Sale of the cathodes, furnace linings and carbon electrodes business to Triton completed
- Closing on November 2, 2017 marks the completion of the sale of the former business unit Performance Products
- Proceeds of the sale will be used to redeem the convertible bond with an original nominal of 240 million euros at maturity in January 2018
- Early redemption of the 250 million euros corporate bond was completed on October 30, 2017 with the proceeds of the sale of the graphite electrode business and the proceeds of the December 2016 rights issue
On August 8, 2017, SGL Group signed a sale and purchase agreement to sell its CFL/CE business to Triton. The two parties have agreed on an enterprise value (cash and debt free) of 250 million euros, which, after deduction of standard debt-like items (mainly pension provisions) as well as other customary adjustments, results in cash proceeds of more than 230 million euros. The final proceeds will be determined based on the balance sheet as of October 31, 2017.
The convertible bond with an original nominal of 240 million euros will be redeemed at maturity in January 2018 with the proceeds from the sale of the CFL/CE business.
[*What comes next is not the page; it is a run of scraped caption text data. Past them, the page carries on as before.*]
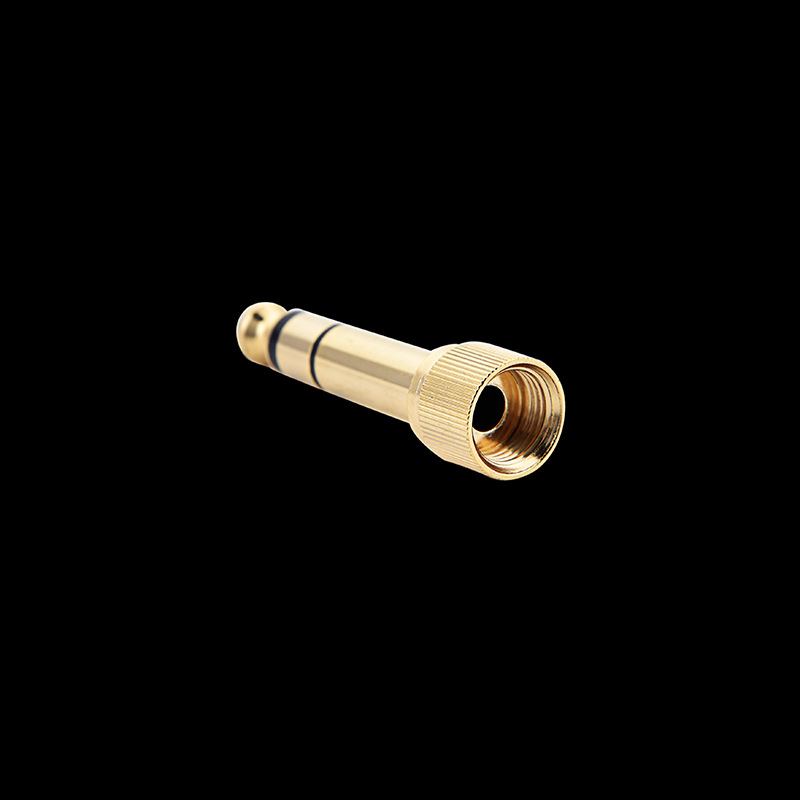 Vergoldeter 6,35-mm-stecker Auf 3,5-mm-buchse Zweikanal-klinkenadapter Mit 6,5-mm-auf-3,5-mm-innengewinde.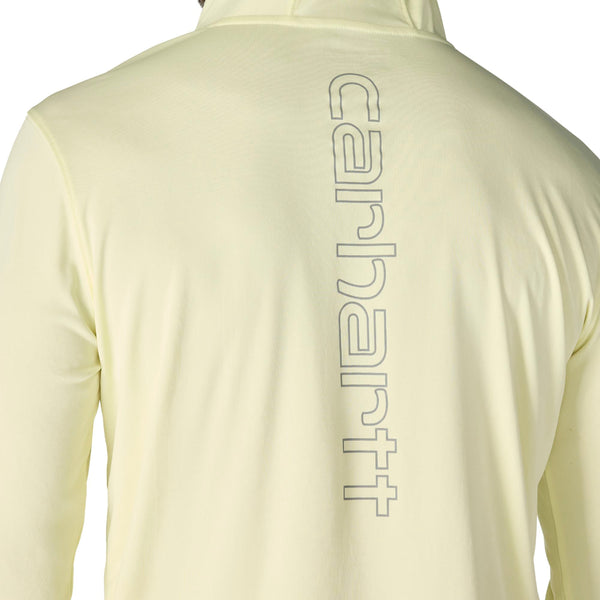 Carhartt 106165-SNSLS26 Men's Force Sun Defender Relaxed Logo Hoodie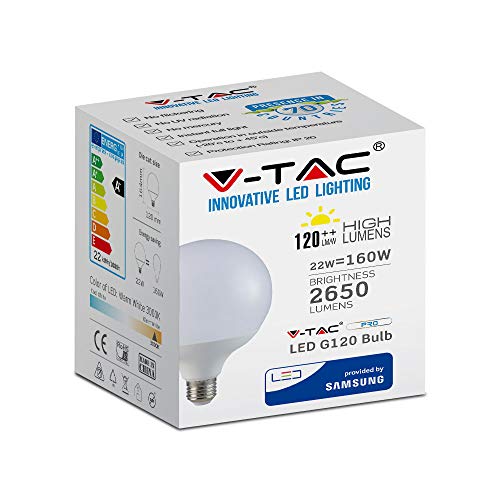 V-TAC VT-242 Bombilla LED Chip Samsung E27 22W A+ G120 120LM/W 6400K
It had been issued in 2012 with a coupon of 2.75 percent.
The redemption of this convertible bond will result in savings of around 12 million euros from 2018 onwards due to the absence of interest expenses, imputed interest components, and refinancing costs.
250 million euros corporate bond (2013/2021) redeemed early
The closing of the sale of SGL Groups graphite electrode business to the Japanese company Showa Denko was already completed on October 2, 2017. SGL Group used the proceeds of this sale and the proceeds of the December 2016 rights issue to prematurely redeem the corporate bond with a nominal value of 250 million effective October 30, 2017. The bond was issued in 2013 with a coupon of 4.875 percent and an original maturity in 2021.
All in all, SGL Group sold its former business unit PP at a total enterprise value of 600 million euros and more than 130 million euros above its book value on June 30, 2016, the date of which the business was classified as held for sale. The sales proceeds and the redemption of the two bonds will reduce interest expenses from 2018 onwards, significantly lower the net debt position and improve the balance sheet ratios.